Whether he’s gathering knowledge, educating or revelling in moving moments, the veteran ABC science journalist Robyn Williams and broadcaster knows the value of travel.
2003 | Tuscany, Italy
The Abbey of Sant’Antimo, south of Montalcino, is made of pink stone, like marble. My wife [Jonica Newby] and I got there as the sun was beginning to set and the abbey shone. A bus full of rowdy tourists pulled up but we thought we’d still have a look inside. As we went in, we saw an organ being fixed by what looked like a technical person and a carpenter. All of a sudden, the carpenter took out an oboe and began to play the theme from The Mission. The hubbub immediately stopped. He played it with such perfection that I began to cry, as I am now. This rough- looking guy stuck an instrument in his mouth in that wonderful building with the sun going down and everyone was beguiled by the magic of the moment. When he finished, he packed up the oboe and left. It was astonishing; I’ll never forget it. If a place sounds promising, go there, even if something might be off-putting, because the rewards can be immeasurable.
2014 | Quito, Ecuador
I was leading a tour group and when we got to Quito, the capital of Ecuador, I was to talk to my travellers over dinner about our next stop, the Galápagos Islands. Before my speech, I found a young waiter and asked him how old he was. He said he was 23. “Exactly what I want,” I told him. “Now, when I start my speech, I’ll refer to you – don’t be embarrassed.” The Galápagos, of course, is where Charles Darwin went, having set sail on the HMS Beagle in 1831 for a trip that ended in 1836. When he started that voyage, he was almost 23. “You think of Darwin as this old git with a long beard and big eyebrows,” I told the tour group. “Now, think of a 23-year- old such as that young man over there. That’s what 23 is like.” What Darwin saw changed the way the world thought about the natural processes and evolution. Evolution was still an idea but natural selection – which he worked out through his observations in places like Ecuador and the Galápagos – was quite fantastic.
2017 | Oxford, England
It’s my second-favourite city on earth. I had two fellowships there and I go back every year. I land in the morning, catch the coach to Oxford and do seven or eight [radio] interviews – all before I’ve had a sleep. Last year, I thought, “Is this really worth it?

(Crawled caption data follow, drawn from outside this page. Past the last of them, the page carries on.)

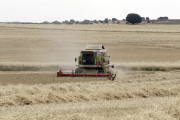 Las cosechadoras se generalizarán en Soria a partir de la semana que viene.
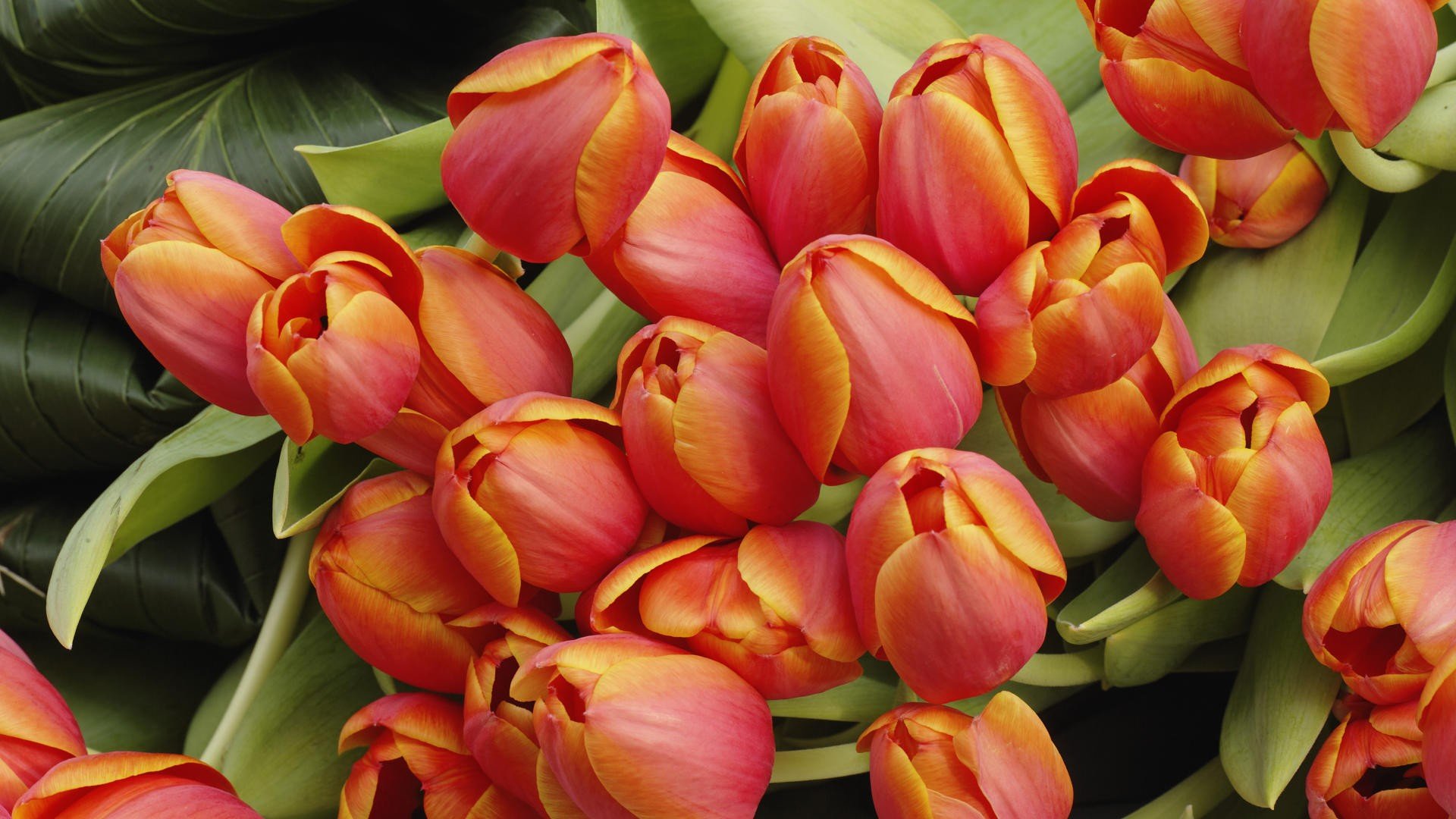 tulipes bouquet fleurs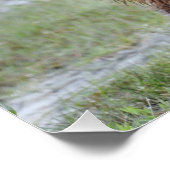 28x18,67 Glossy Poster des Grizzlybären (Ecke)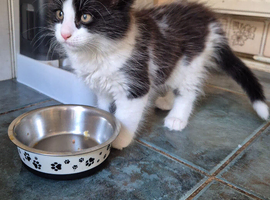 Fluffy male kitten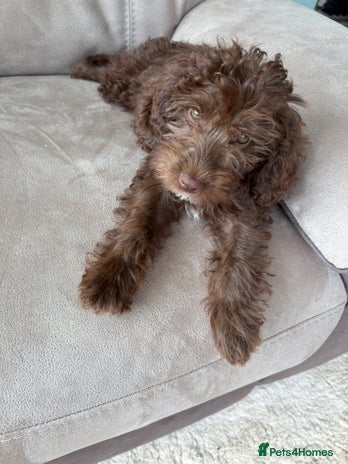 Cockapoo dogs - Advert 1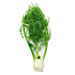 Image for Fennel, NW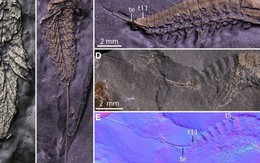 Phát hiện sinh vật lạ hóa thành vàng sau 450 triệu năm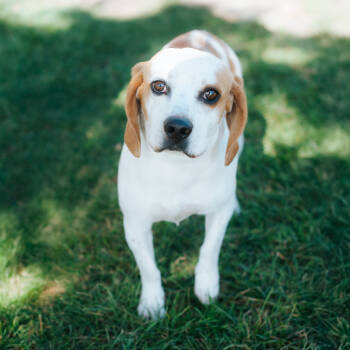 Rescue Hound Dogs for Adoption in Northbrook, Illinois - Max | PetCurious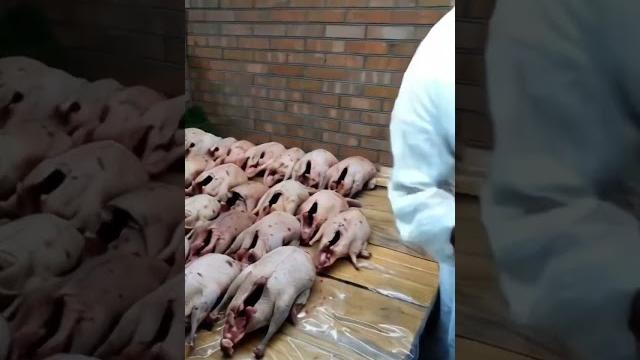 Очень вкуснодикая утка вне конкуренции ! добыл и тут же приготовил ! #блюдо #кулинария #утка Очень вкуснодикая утка вне конкуренции ! добыл и тут же приготовил ! #блюдо #кулинария #утка
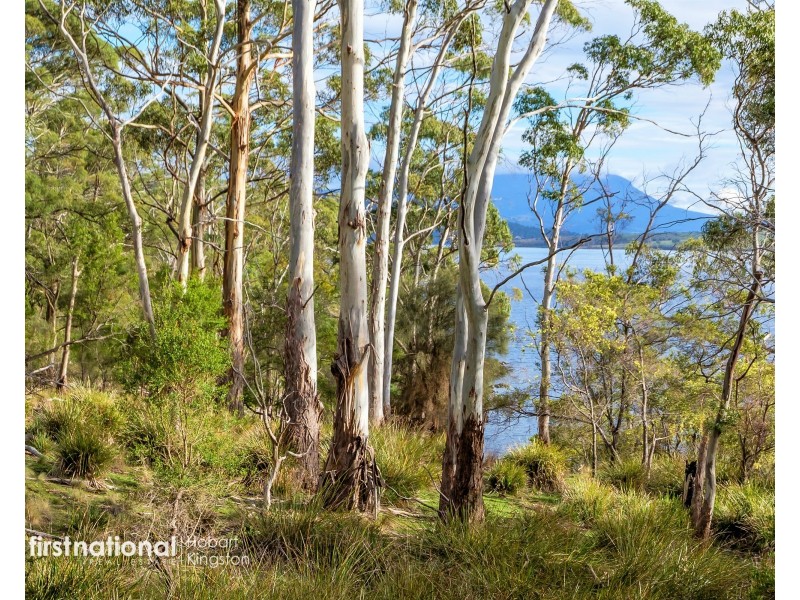 341 Lennon Road, North Bruny TAS 7150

What’s the point?” I could go to the University of Technology across the road in Sydney; they have all sorts of scientists there. The first person I saw last year in Oxford was Vanessa Restrepo- Schild. This amazing young woman from Colombia was 24 and had just published a paper on how to make artificial retinas to allow people with macular degeneration to see again. As I finished my interview with her, I thought, “That’s the point. You travel, you come across amazing things.” Here was a young woman showing me what the future is made of.